If your doctor is monitoring you with unhygienic stethoscopes, chances are that you may contract infections by antibiotic-resistant superbugs, researchers have warned.
Infection control guidelines from the Centres for Disease Control and Prevention state that re-usable medical equipment, such as stethoscopes, must undergo disinfection.
However, the study showed that healthcare providers rarely perform stethoscope hygiene between patient encounters, despite its importance for infection prevention. Potential pathogens cultured from stethoscopes include Staphylococcus aureus, Pseudomonas aeruginosa, Clostridium difficile, and vancomycin-resistant enterococci — responsible for diseases such as pneumonia, urinary tract infections (UTIs), and skin infections, which can also be life threatening, the researchers said.

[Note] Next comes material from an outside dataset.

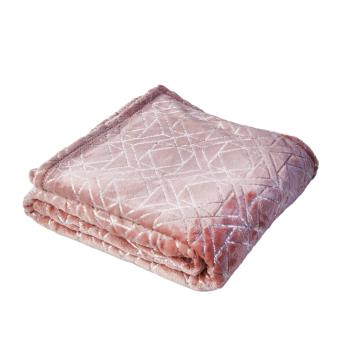 TP Mikroflanelová deka Premium s dekorativním vzorem 150x200 - Růžová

“Stethoscopes are used repeatedly throughout the day and become contaminated after each patient exposure, so they must be treated as potential vectors of transmission,” said Linda Greene, President at the Association for Professionals in Infection Control and Epidemiology (APIC) in Virginia, US. “Failing to disinfect stethoscopes could constitute a serious patient safety issue similar to ignoring hand hygiene,” Greene added.
In the study, published in the American Journal of Infection Control, the researchers observed stethoscope hygiene at the start of a four-week rotation for medical students, resident physicians, and attending physicians at a tertiary care academic teaching hospital. The results showed zero occurrences of stethoscope sanitation among the staff.
“Stethoscope hygiene implementation will need more consistent efforts to change culture and habits. We believe that stethoscope hygiene should be included in all hospital hand hygiene initiatives along with increased accountability.”